Ces négociations peuvent échouer mais, fondamentalement, les islamistes tunisiens ont perdu pied et préfèrent se réfugier dans l’opposition que continuer à s’essouffler au pouvoir.

En fait d’hiver, il pourrait être plus froid mais prenons maintenant l’Egypte. «Ce sera bientôt l’Iran, théocratie et voile obligatoire», disaient les prophètes de malheur après que les Frères musulmans eurent remporté les élections législatives puis présidentielle.

Ils en étaient convaincus car, à leurs yeux, les musulmans, tous les musulmans sauf les dictateurs, seraient naturellement intolérants, fanatiques et obsédés par une volonté d’asservir la femme.

Ils en étaient persuadés car ils pensent que seules des dictatures peuvent parer ce danger mondial que serait l’islam, mais que s’est-il passé en Egypte ?

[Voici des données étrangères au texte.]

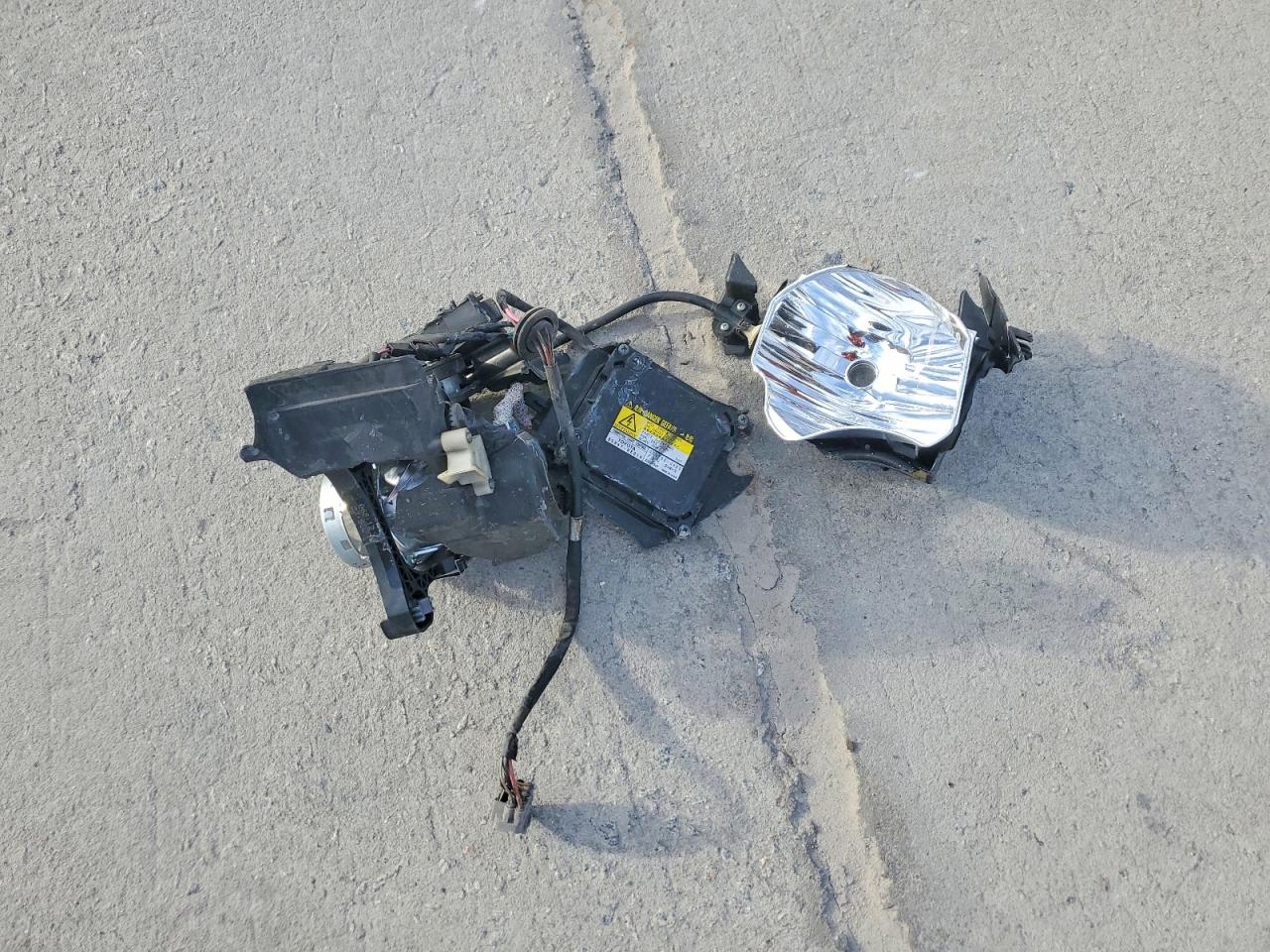 2012 LEXUS RX 350 photo 12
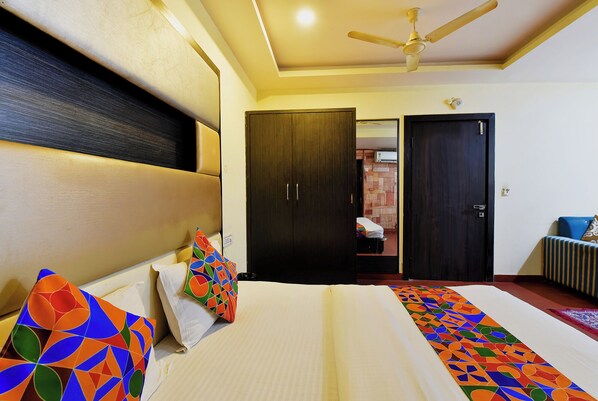 Egyptian cotton sheets, premium bedding, in-room safe, free WiFi - Fabhotel Tip Top (Jaipur)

Pas plus qu’en Tunisie, les Frères n’ont su gérer un pays en grandes difficultés économiques. Ils n’ont pas fait reculer mais augmenter le chômage, pas élevé mais encore abaissé le niveau de vie des plus pauvres. Ils ont eux-mêmes prouvé que pas plus qu’aucune autre religion, l’islam n’apportait en lui-même de solutions aux défis socio-économiques. Les Frères ont tant déçu leurs électeurs et si peu désarmé leurs adversaires qu’ils ont dû faire face à un rejet populaire aussi massif que profond, tellement fort et général que l’armée a pu surfer sur cette vague de mécontentement pour destituer le président élu, revenir sur le devant de la scène politique et tenter aujourd’hui de reprendre le pouvoir. Cela n’a rien de réjouissant. Ce coup d’Etat – car c’en est un – donne aux Frères une possibilité de se refaire dans l’opposition alors qu’ils se seraient complètement marginalisés en restant aux affaires mais où est «l’hiver islamiste» ? Si hiver il y a au Caire, c’est bien plutôt celui des Frères qui, désormais en butte à une féroce répression, vont fatalement se diviser entre avocats d’un véritable aggiornamento démocratique et défenseurs de l’orthodoxie originelle. Bien loin de triompher, les islamistes égyptiens traversent maintenant l’une des plus mauvaises passes de leur histoire car ils n’avaient pas compris que leur pays, comme tous les pays arabes, aspirait au bien-être et à la démocratie, pas à l’affirmation d’une identité religieuse, et que les voix qui s’étaient portées sur eux allaient à leur conservatisme économique et social, pas à la confusion entre la politique et la foi et encore moins au jihad.

«Oui, mais la Syrie ?» dira-t-on. C’est vrai. Les islamistes et, surtout, des jihadistes y ont étoffé leurs rangs en profitant de l’absence de soutien occidental aux laïques mais, outre qu’ils n’y sont guère populaires, ils s’y useraient à l’exercice du pouvoir aussi vite qu’au Caire et à Tunis. Rien, n’est plus dommageable à l’islamisme que la démocratie. C’est un fait que brouillent les chaos actuels et la persistance du terrorisme mais les démocrates devraient enfin se résoudre à voir la réalité plutôt que de regretter des dictatures dont le temps est, de toute manière, révolu.